At the time, I was almost in the clear when my five-year-old daughter, who has the strongest "bathroom-interrupting gene", busted me at the door. As usual, she wanted to come inside. "Listen," I said, "I need a moment here."
"Okay," she chirped, having already wormed her way into the room. "But I need to ask you a question first." In an effort to keep her from developing a traumatic bathroom psychosis later in life, I let her go ahead and ask. "Well, Daddy, I, um, I was, uh, wondering."
"Yes, what is it?," I answered as I started to hop from one foot to the other.
"Um, um, I have a question, um."
"Yes, we've covered that, what is your question?," I gingerly inquired, building up some steam with the hopping bit.
"You know those little bugs?"
"Which bugs?," I asked, grasping the doorknob in anticipation of applying maximum force to close the door immediately after answering yet another bug-related question.
"Well, the ones that have wingy things and ...."
Feeling a heightened sense of urgency, I began to chew a massive hole through my tongue. I hissed at her through clenched teeth, "Which wingy things? A lot of bugs have wings. Can we talk about them a little later?"
Of course, that ridiculous request only prompted a series of questions about the meaning of "later", and thus prolonged my agony. By then, I was hopping and chewing vigorously and mentally cursing all bugs in general and wingy bugs specifically. I squinched up my eyes to the rising pain and continued a little tersely, "What ... bugs ... talk ... about?"
"Umm, um, you know, um, um, they're always bouncing and flying circles around light bulbs," she stumbled along.

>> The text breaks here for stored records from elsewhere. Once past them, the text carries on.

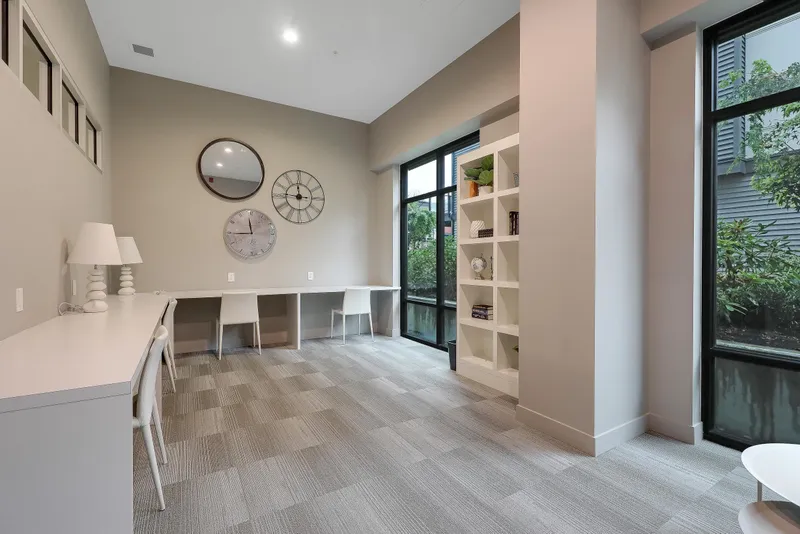 208 18811 72 AVENUE - photo 2 of 25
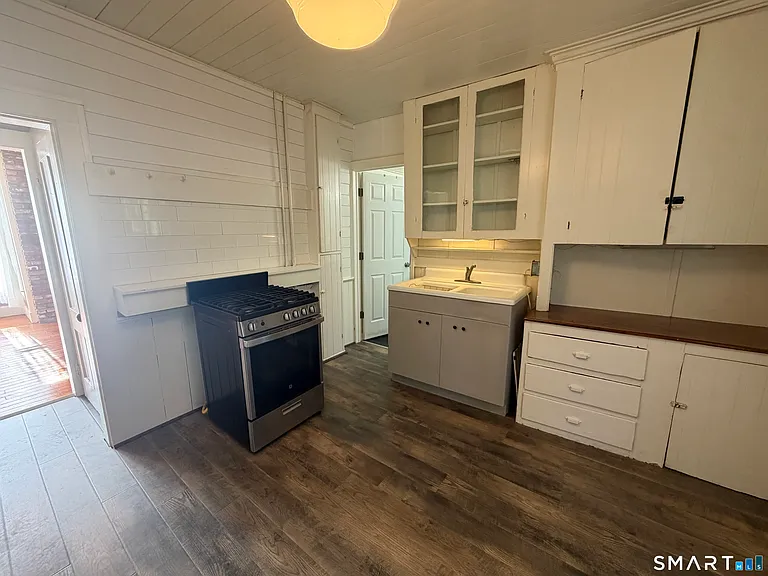 31 Woodruff Ave #1 — Photo 2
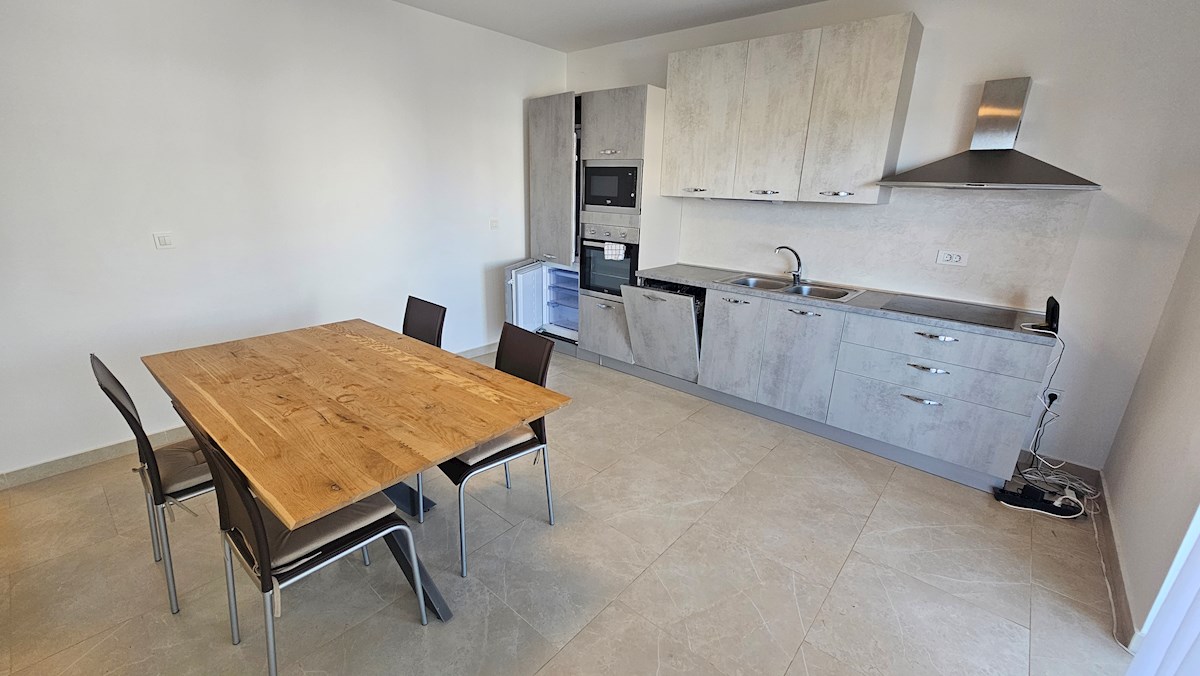 Veliko stanovanje na mirni lokaciji s pogledom na morje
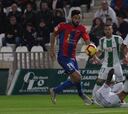 El Córdoba remonta y golea al Extremadura en un partido loco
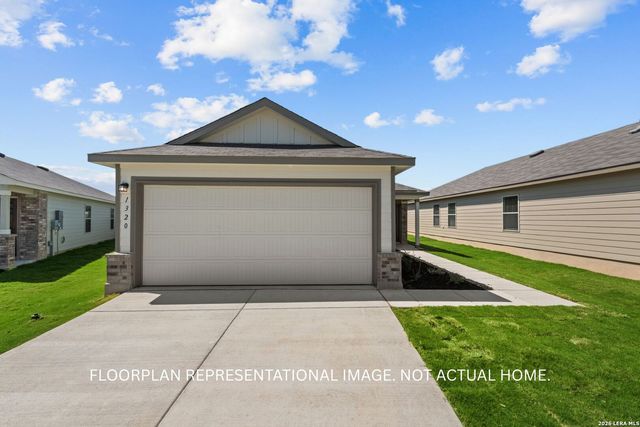 1325 Bree St., New Braunfels, TX 78130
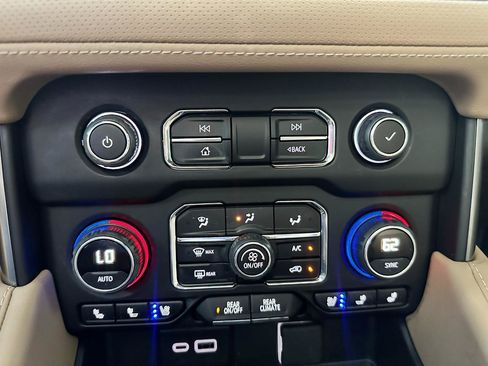 Used 2023 Chevrolet Tahoe Premier RWD image 52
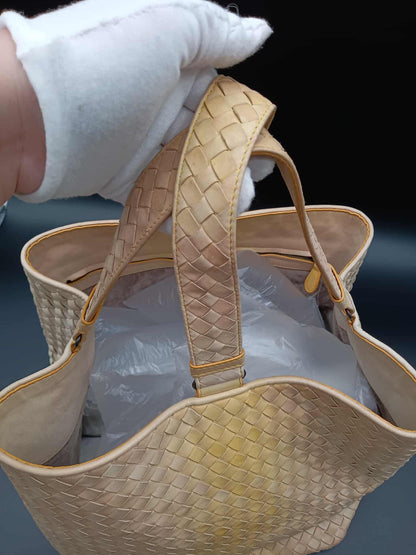 BOTTEGA VENETA Intrecciato Nappa Tote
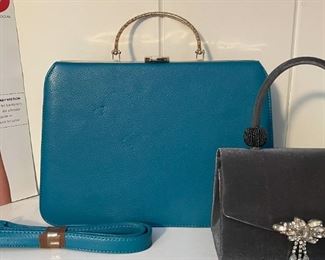 Women's Purses & Handbags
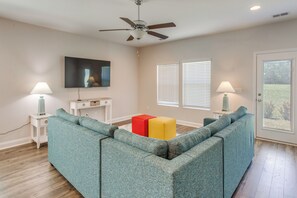 المنشأة من الداخل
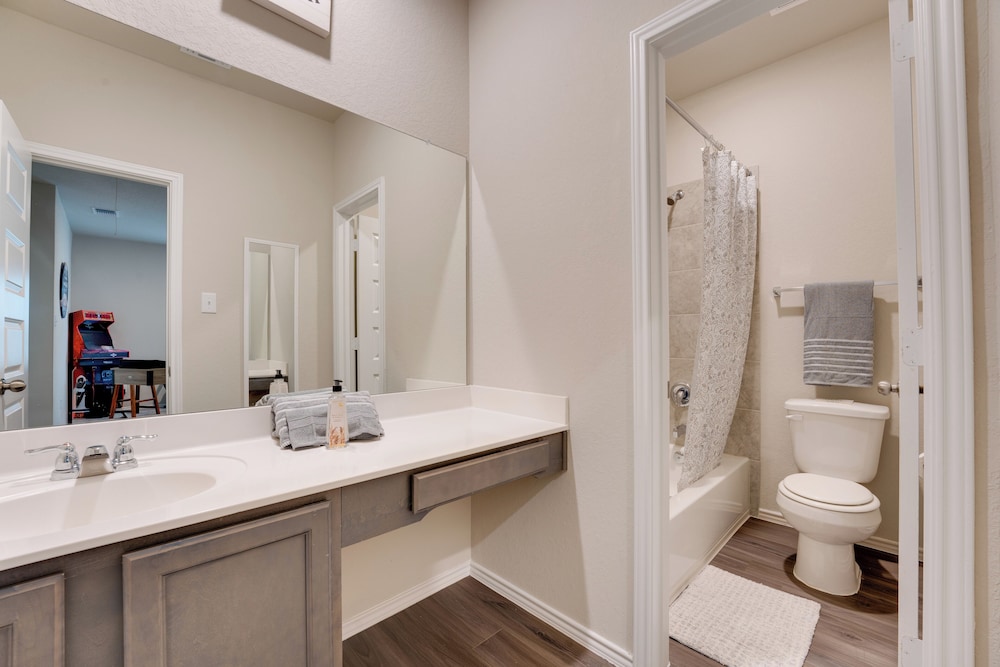 6 Mi to Lackland Afb: Hot Tub Pool & Game Room in San Antonio, United States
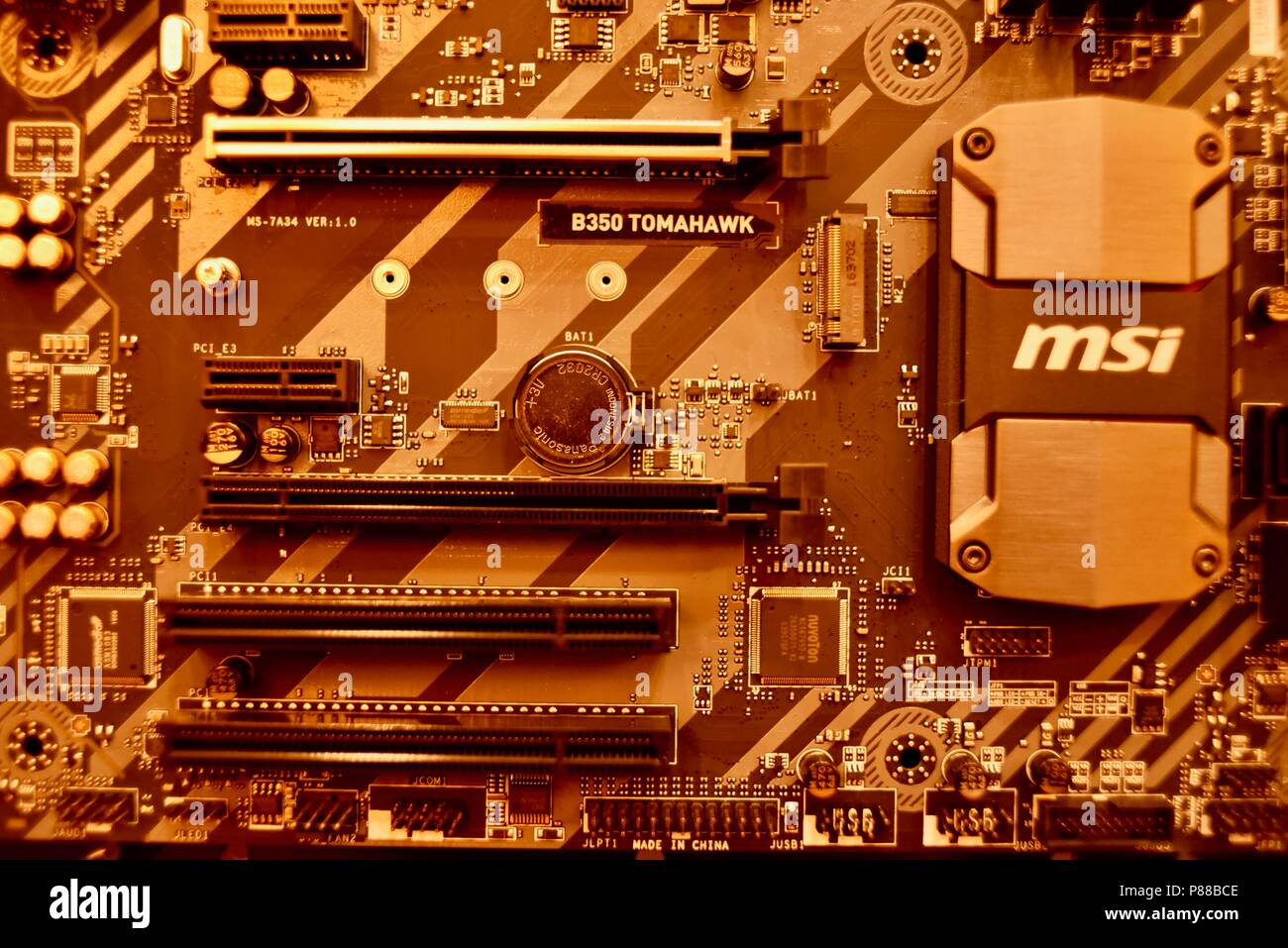 Close up dei moderni computer MSi B350 Tomahawk scheda madre con slot PCIe,  slot di RAM, la circuiteria con MSi sul display al CES di Las Vegas, NV,  Stati Uniti d'America Foto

Just moments before I was about to lose consciousness, it occurred to me that my daughter was starting to look like a giant bug herself. To her credit, she recognized all the signs of an impending bathroom psychosis and she called her two sisters for help.
So instead of one child with a single question, I was confronted by three budding entomologists crowded into the bathroom with me, peppering me with inane questions about bugs with wings. In other words, I was caught in a swarm of privacy devouring humanoid moths.
All restraint and decorum evaporated when I realized that my need to use the bathroom had finally reached heretofore unknown historic levels, and I blurted out, "They're moths, they must be moths, now get out of this bathroom immediately, or you will all suffer the most severe and profound punishment known to man."
As I rushed to shut the door, Susanna refused to yield. "But Daddy, why do they they do that?" she yelled through the crack in the door. Unable to communicate, I just howled like a poor wounded animal, cornered and awaiting death. Fortunately, by the time I finished and exited the bathroom, they had moved on to devour their mother.
I wouldn't even think of putting this on my Wish List, but I go through this process every single day of my life and I'm desperate. And for the record, Santa, if I can't get a private moment, I'd be willing to settle for a giant can of bug spray.